0
Yorum
1
Beğeni
0,0
Puan
71
Okunma

Tek Taraflı Aşkın Sessiz Ülkesi
Kimsenin adım atmadığı bir ülke vardır kalbin içinde.
Haritalarda görünmez, kimse yol tarif edemez, çünkü o ülke yalnızca bir kişinin sessiz adımlarıyla kurulur: tek taraflı sevenin.
Orada zaman başka akar.
Dakikalar, sevdiğin kişinin adını düşündüğün kadar uzar;
saniyeler, onun gülüşünü hatırlayınca kısalır.
Bazen bir bakışı, kaçışan bir göz teması, yarım kalmış bir cümle bile ayları devirmeye yeter.
Henüz yaşanmamış bir anın ağırlığı, yaşanmış bin hatıradan daha gerçek olur.
Bu ülkede konuşmayan bir dil vardır.
İnsanlar dudaklarını değil, iç seslerini kullanır.
Birinin “Nasılsın?” demesine bile gerek duymazsın, çünkü o soru sorulmasa bile ona iyi olduğun tek yer yine o olur.
O bilmez…
Ama sen onun için kendi kalbinde bir oda hazırlarsın:
Penceresi hep açılan, ışığı hiç sönmeyen, boş ama yine de sıcak tutulan bir oda.
Tek taraflı aşk gariptir.
Birine yaklaşmak için her adımı içinden atarsın, dışarıdan hiçbir iz görünmez.

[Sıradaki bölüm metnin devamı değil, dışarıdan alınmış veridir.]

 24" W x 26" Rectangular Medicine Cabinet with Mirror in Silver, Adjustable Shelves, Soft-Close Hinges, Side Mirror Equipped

Kimse görmez, kimse bilmez.
Bir tek sen fark edersin:
Kalbin, sesini duyuramadığı için daha hızlı atar.
Söyleyemediklerin, söylediklerinden daha yüksek sesle bağırır.

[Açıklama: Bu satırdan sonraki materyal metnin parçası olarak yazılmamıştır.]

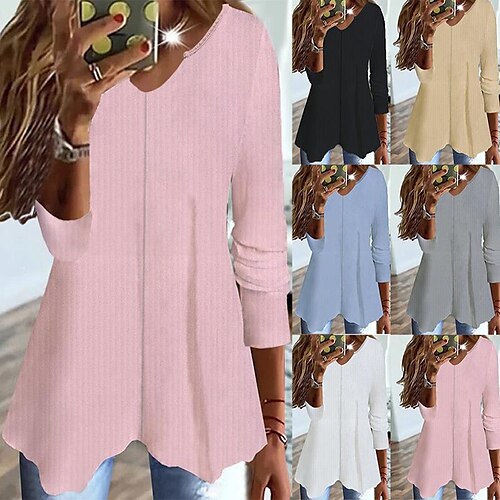 

Women's Shirt Blouse Black White Pink Plain Long Sleeve Casual Basic V Neck Regular S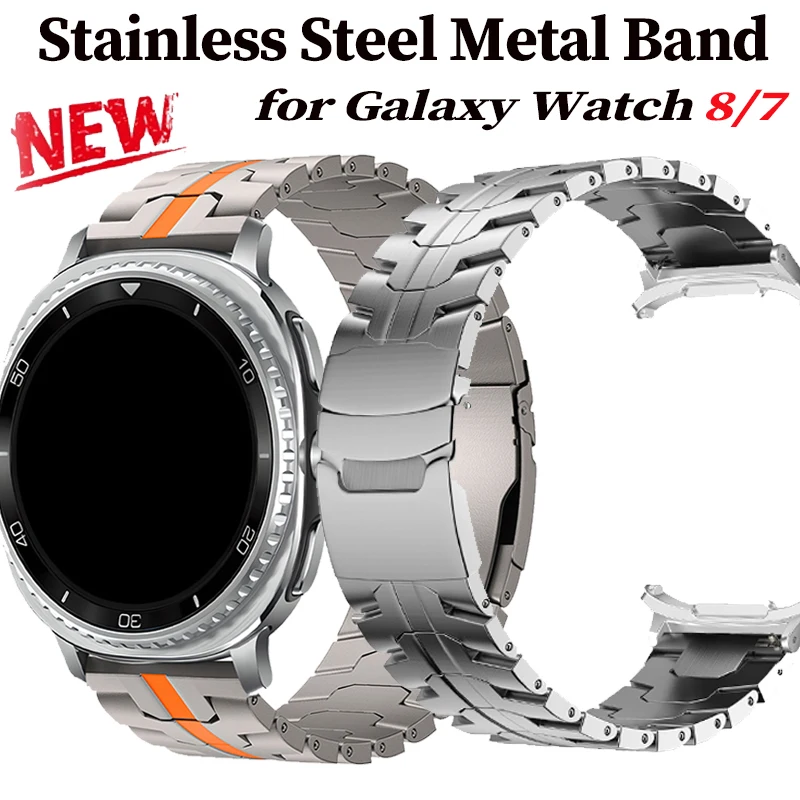 

Металлический ремешок из нержавеющей стали для Galaxy Watch8 40 44 мм, браслет для Samsung Galaxy Watch 8Classic 46 мм 7 8 Ultra 47 ремешок без зазоров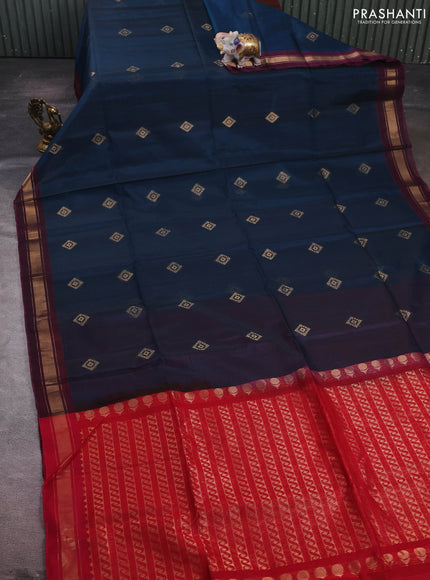 Peacock Blue & Red Kora Silk Cotton Saree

En çok da geceleri ağırdır bu his.
Telefonun ekranı öyle sessizdir ki, sessizlik bile bir haber gibi gelir.
Onun sana yazmaması, sana özel bir yokluğu hatırlatır.

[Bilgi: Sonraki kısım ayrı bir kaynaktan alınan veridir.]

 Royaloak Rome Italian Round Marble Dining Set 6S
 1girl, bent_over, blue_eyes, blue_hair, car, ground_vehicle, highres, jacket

Bir mesaj istemezsin aslında;
sadece varlığının sende bıraktığı gölgeleri biraz olsun aydınlatmasını istersin.
Ve yine de vazgeçemezsin.
Çünkü tek taraflı aşk, bir kaybetme değil;
kimsenin görmediği bir cesarettir.
Birini karşılıksız sevmenin, insanın kendine karşı koyamadığı bir iyilik hali olduğunu fark edersin.
Onu kazanmak için değil, onu sevmekten vazgeçemediğin için seversin.
Belki bir gün, senin sessiz ülkenin sınırlarına bir yabancı ayak basar;
belki de o ülke hep tek kişilik kalır…
Ama her iki durumda da bildiğin bir şey vardır:
Tek taraflı aşk, insanı tüketmez.
İnsan, o aşka kendini ne kadar saklarsa, o kadar yanar.
Ne eksik ne fazla… sadece olduğu gibi.